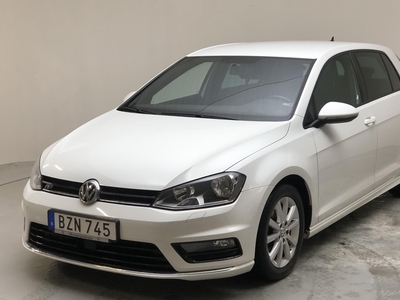 VW Golf VII 1.4 TSI 5dr (150hk)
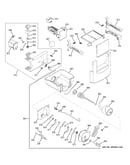 Ice maker & dispenser
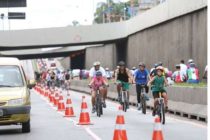 Governo Grana entrega primeira ciclofaixa de lazer da cidade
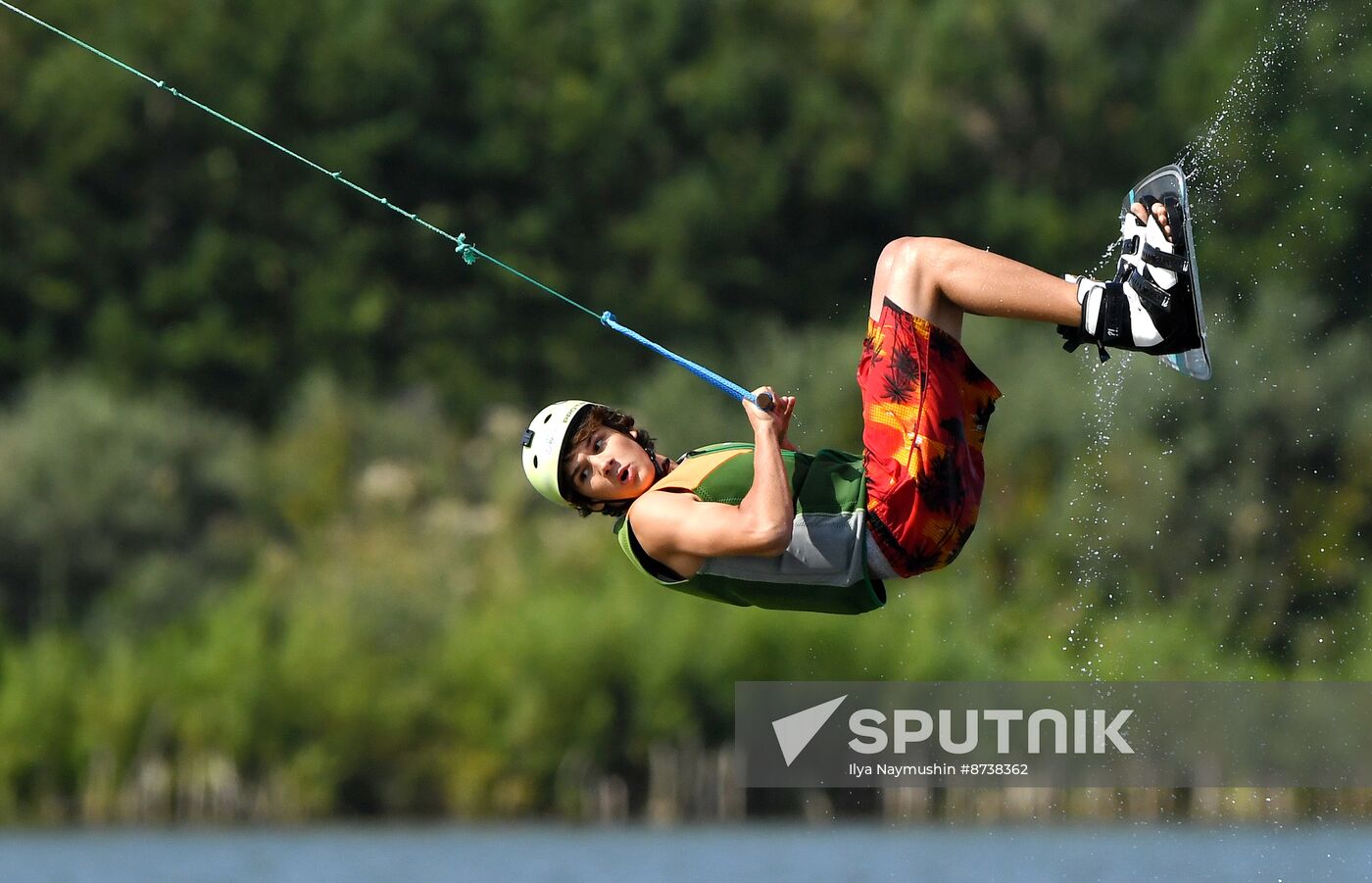Russia Wakeboarding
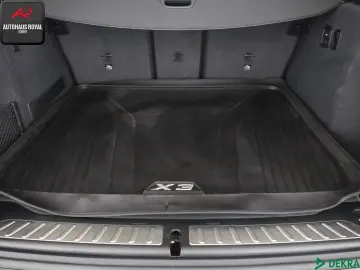 X3 xDrive20d ADVANTAGE LIVE-COCKPIT AHK 19Z SH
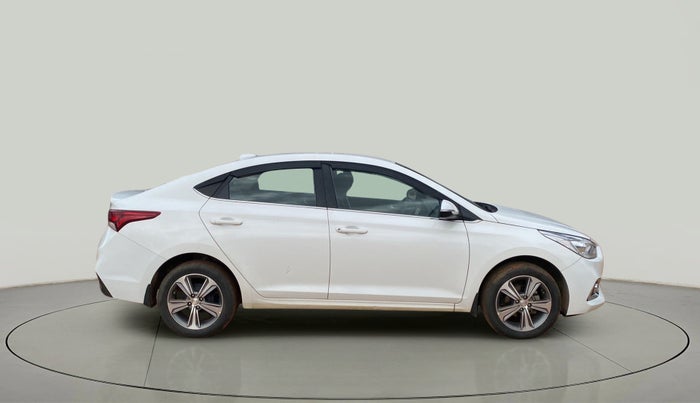 2018 Hyundai Verna 1.6 VTVT SX, Petrol, Manual, 78,703 km, Right Side View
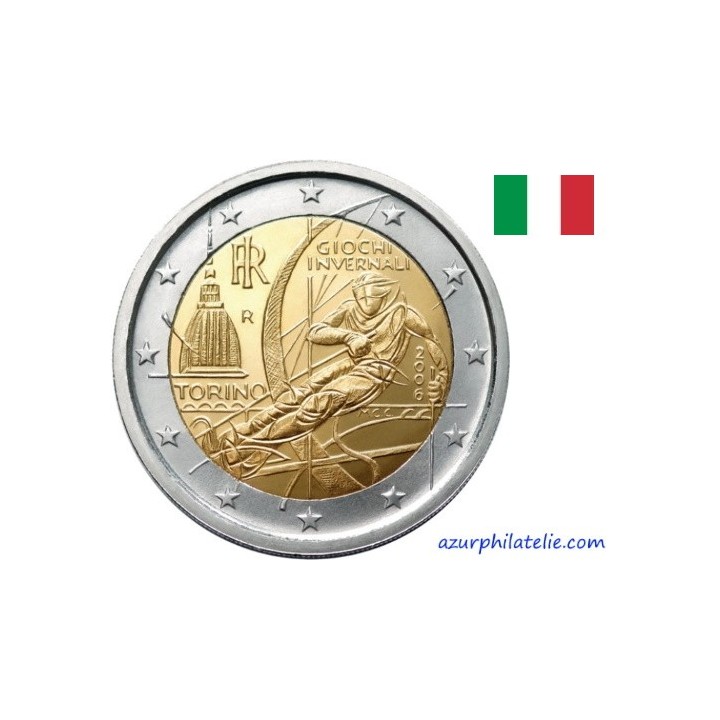Italie - 2006  - JO de Turin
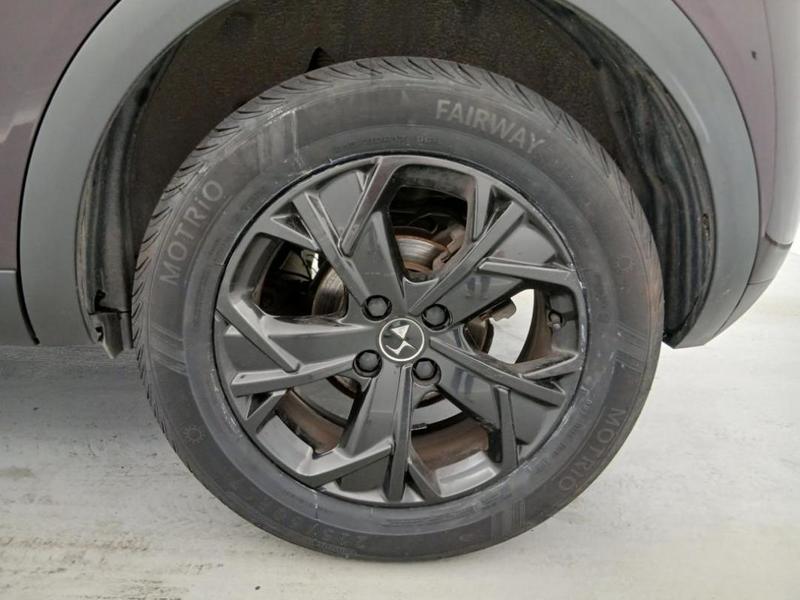 Ds Ds 3 Crossback PureTech 130 Eat8 Performance Line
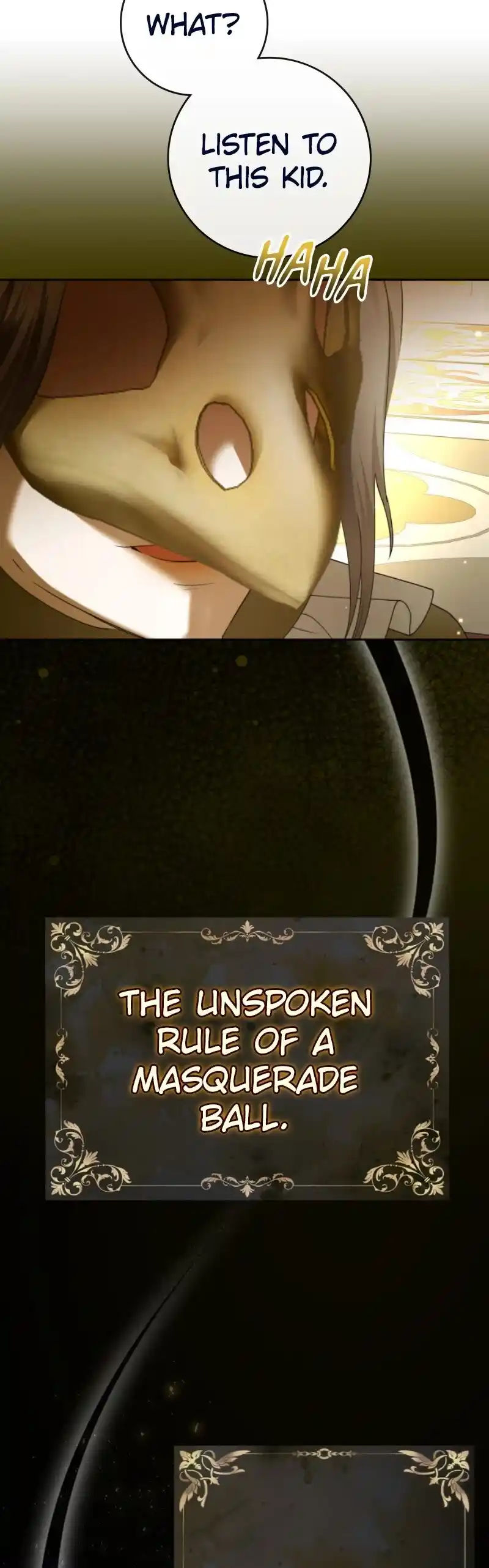 Your Throne Chapter 205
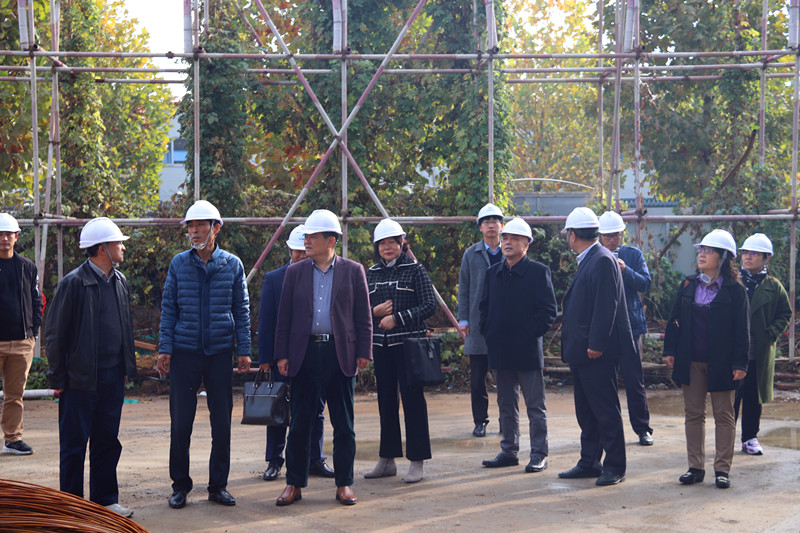 2018青岛市重点工程劳动竞赛暨“查保促”活动在性爱直播
东郭庄项目开展(图4)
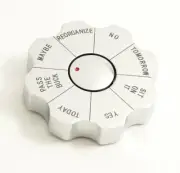 Bey-Berk Spinner Decision Maker Paperweight (G530)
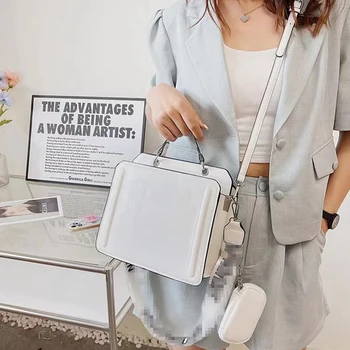 Новые модные сумки, женские сумки Известного бренда, дизайнерские сумки через плечо, кошелек и сумки-ведра, Женская роскошная сумка через плечо из искусственной кожи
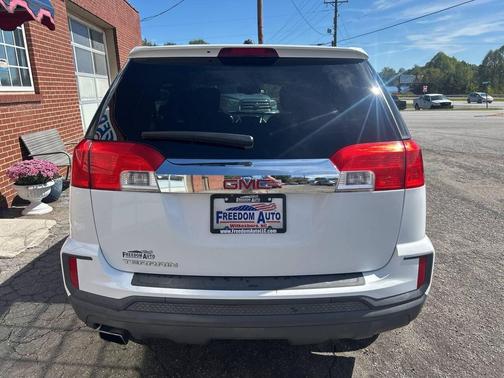 2016 GMC Terrain SLE-1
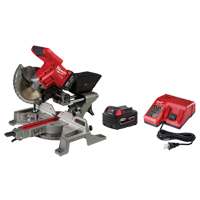 M18 Fuel Dual-Bevel Sliding Compound Mitre Saw Kit Superchem Industries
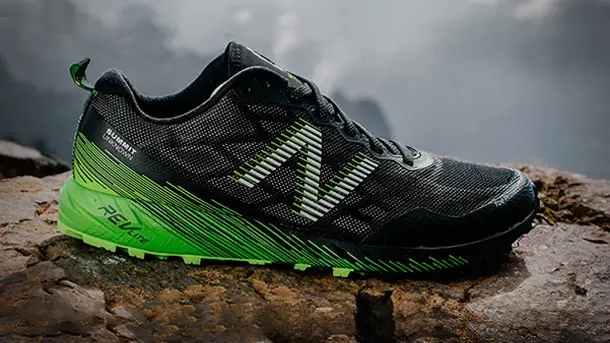 new balance trail running sneakers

▬▬▬

> [PROBLEM] Output only the lines from the line that contains "M18 Fuel Dual-Bevel" through the end of the material, both ends included, and skip every picture.

> [FINAL ANSWER]
 M18 Fuel Dual-Bevel Sliding Compound Mitre Saw Kit Superchem Industries
 new balance trail running sneakers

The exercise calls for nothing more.